Mrs. Stewart hastily put down the crystal. "I don't want to see one," she said; "I'm afraid it might bring me bad luck, and, besides, I can't wait for it, I've got several calls to make before I go home, and I think there's a storm coming." She shivered. "I'm quite cold."

Miss Ormond said that must be the effect of the crystal, as the afternoon was still oppressively hot.

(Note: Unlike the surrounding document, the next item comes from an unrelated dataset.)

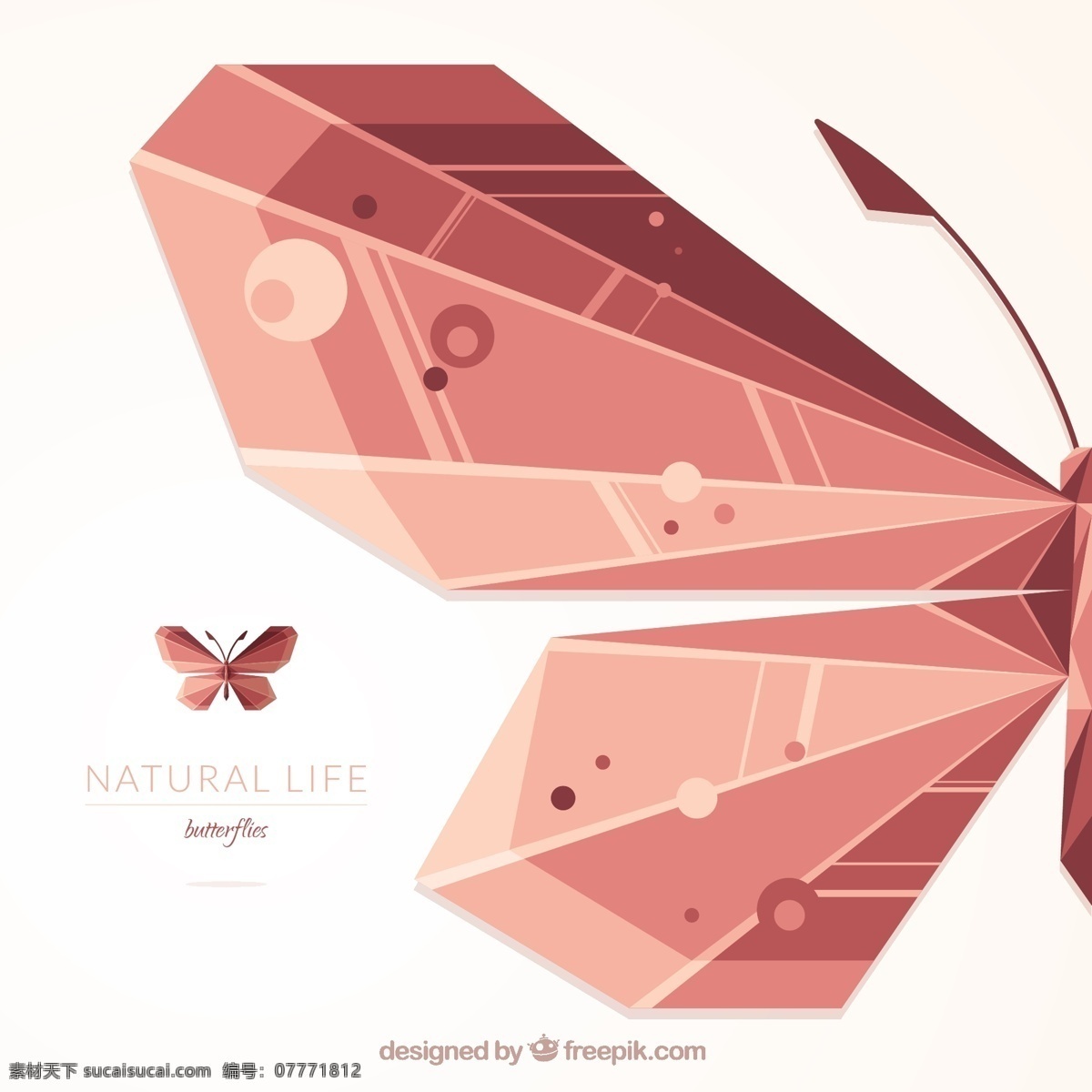 蝴蝶背景 背景 抽象的 几何 蝴蝶 自然 动物 翅膀 多边形 性质 昆虫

Goring caught up with Mrs. Stewart in the gravel drive outside the house and walked through Kensington Gardens with her. It seemed to them both quite natural that they should be walking together, and their talk was in the vein of old friends who have met after a long separation rather than in that of new acquaintances. When he left her and turned to walk across Hyde Park towards Westminster, he examined his impressions and perceived that he was in a state of mind foreign to his nature, and therefore the butt of his ridicule; a state in which, if he and Mrs. Stewart had been unmarried persons, he would have said to himself, "That is the woman I shall marry." It would not have been a passion or an emotion that would have made him say that; it would have been a conviction. As it was, the thing was absurd. Cochrane had told him, half in jest, that Mrs. Stewart was a breaker of hearts, but had not hinted that her own was on the market. Her appearance made it surely an interesting question whether she had a heart at all.

And for himself? He hated to think of his marriage, because he recognized in it the fatal "little spot" in the yet ungarnered fruit of his life. He was only thirty, but he had been married seven years and had two children, both of them the image of all the Barthops that had ever been, except his own father. In moments of depression he saw himself through all the coming years being gradually broken, crushed under a weight of Barthops—father-in-law, wife and children—moulded into a thin semblance of a Marquis of Ipswich, a bastard Marquis. No one but himself knew the weakness of his character—explosive, audacious in alarums or excursions, but without the something, call it strength or hardness or stupidity, which enables the man or woman possessing it to resist constant domestic pressure—the unconscious pressure of radically opposed character. The crowd applauds the marriage of such opposites because their side almost always wins; partly by its own weight and partly by their weight behind. But the truth is that two beings opposed in emotional temperament and mental processes are only a few degrees more able to help and understand each other in the close union of marriage than the two personalities of Milly Stewart in the closer union of her body.

From one point of view it was Goring's fatal weakness to have a real affection for his father-in-law, who was a pattern of goodness and good-breeding. Consequently, that very morning he had promised Lord Ipswich to walk in the straightest way of the party, for one year at least; and if he must slap faces, to select them on the other side of the House. Nevertheless, if he really wished to give sincere gratification to Lord Ipswich and to dear Augusta, he must needs give up his capricious and offensive tactics altogether. These things might give him a temporary notoriety in the House and country, but they were not in the traditions of the Ipswich family, which had held a high place in politics for two hundred years. The Marquis said that he had always tried to make George feel that he was received as a true son of the family and heir of its best traditions, if not of its name. There had been a great deal of good faith on both sides. Yet now a solitary young man, looking well in the frock-coat and tall hat of convention, might have been observed stopping and striking the gravel viciously as he reflected on the political future which his father-in-law was mapping out for him.